原稿の罫の浮きたる厄日かな 広渡敬雄
句集『ライカ』(ふらんす堂 2009.7)より。
万年筆がなじむ高級な原稿用紙のくっきりとした太い罫。触ってみると実際に線は盛り上がっているのだろう。自分が原稿用紙に向かって何か書いているのか、他人の書いたものを読んでいるのか。季語「厄日」は、その禍々しさとともに、うちに籠っている安らかさも感じさせる。原稿用紙に触った時の満足感――人生の、小さいが、それがなければ生きていけない愉しみのようなものがここにある。
私程度の俳句リテラシーでは、個人句集には全く歯が立たないことも多いが、『ライカ』は読みだすと止まらなかった。
どの句も、かたちに無理がなく、明晰で、それでいて真似できない。(これって、名句の三条件ではないのか。

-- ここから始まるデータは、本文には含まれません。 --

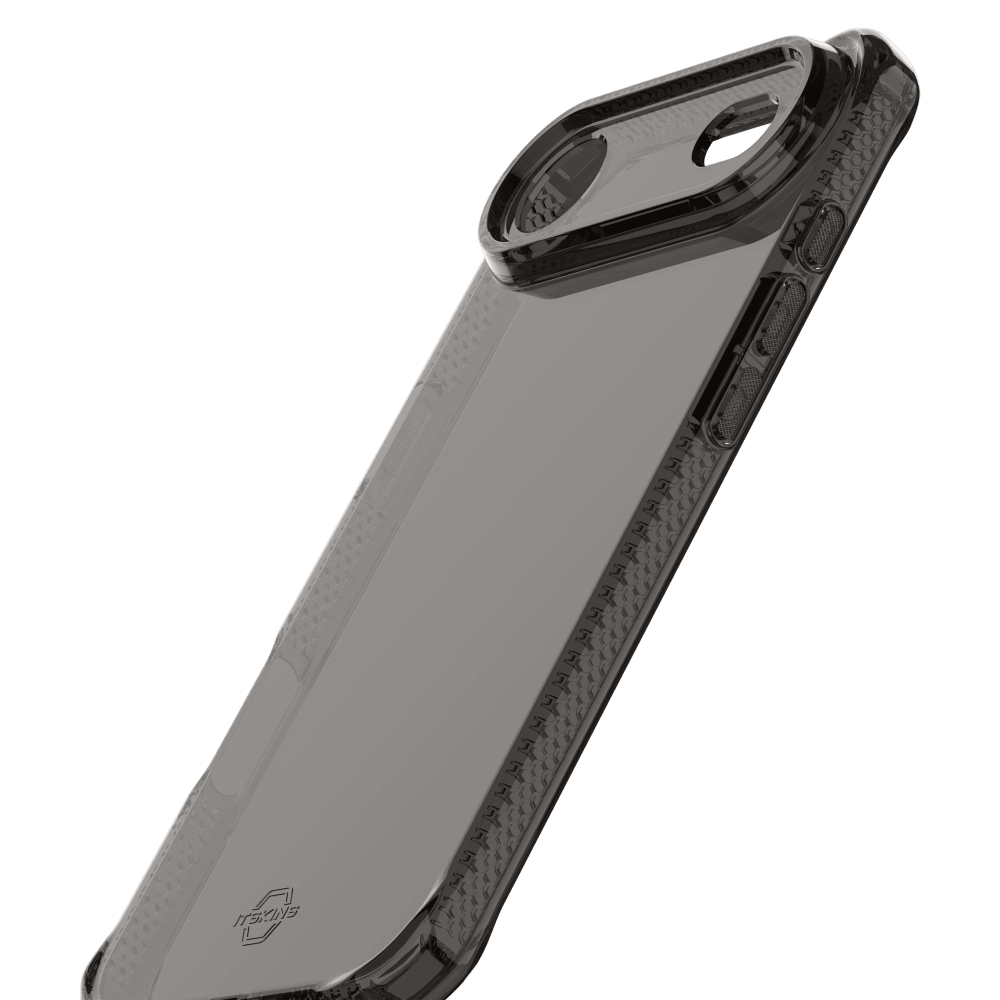 Wholesale cell phone accessory ITSKINS - Spectrum_R Clear Case for Apple iPhone Air - Smoke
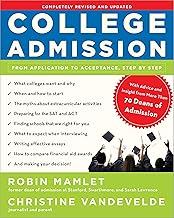 College Admission: From Application to Acceptance, Step by Step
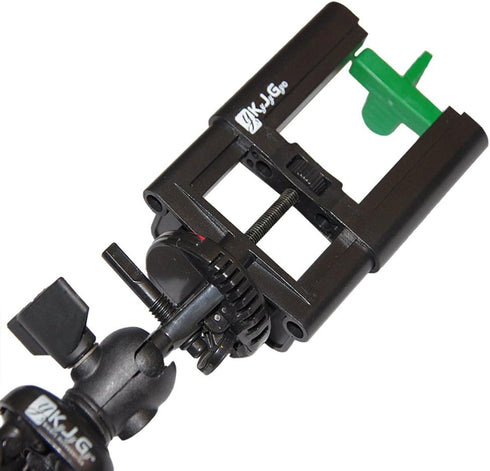 KyJyGy Smart Accessories 1/4" Cell Phone Tripod Holder for Smart Phones. Universal Adapter, Mount, Attachment fits all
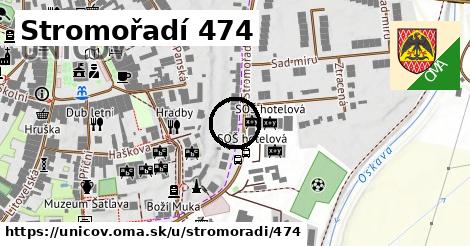 Stromořadí 474, Uničov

)
『ライカ』の中から、私の好きな句を、掲載順にいくつか引いてみよう。
霧吹いて菊人形のまた一日
郷愁のやうにプールの匂ふ夜
比良暮色はうれん草の茹であがり
焦げ残る雑誌グラビア春の草
朧夜のポスターに犬探偵社
さざなみのやうかなかなの夕暮れは
目にするもの、さまざまな思いを自在に詠んでいて、精神の自由さが感じられる。ただ、自身の職場や仕事を詠ったと思われる句が見当たらなかったのはちょっと不思議な感じがした。句集のあとがきには、3年間、関西に勤務したことが書かれているが、句集を読んだ限りではどういうお仕事をされているのかは、全く推察できない。
何年も俳句を作っていると、積極的な気持はなくても、なんとなく仕事の句を作ってしまうものだ。なにしろ、人間ふつうに働いていれば、毎日の相当部分――場合によっては大部分――の時間を仕事に費やしているわけだから、具体的な業務の内容とまではいかなくても、オフィス風景などを題材にするのは、むしろ自然なことだ。
職場や仕事を読んだ名句は多い。ただ、作り方によっては、とくに私のような事務職の人の場合、同じ境遇の人たちの共感を求めるようなさもしさが現れることがある。
広渡氏が、そういうことを考えられたかどうかはわからないが、意識的に俳句と仕事を峻別されているように思える。いっけん自在に見える氏の俳句の豊かさの背後には、ストイシズムがあるのかもしれない。
角川俳句賞受賞、おめでとうございました。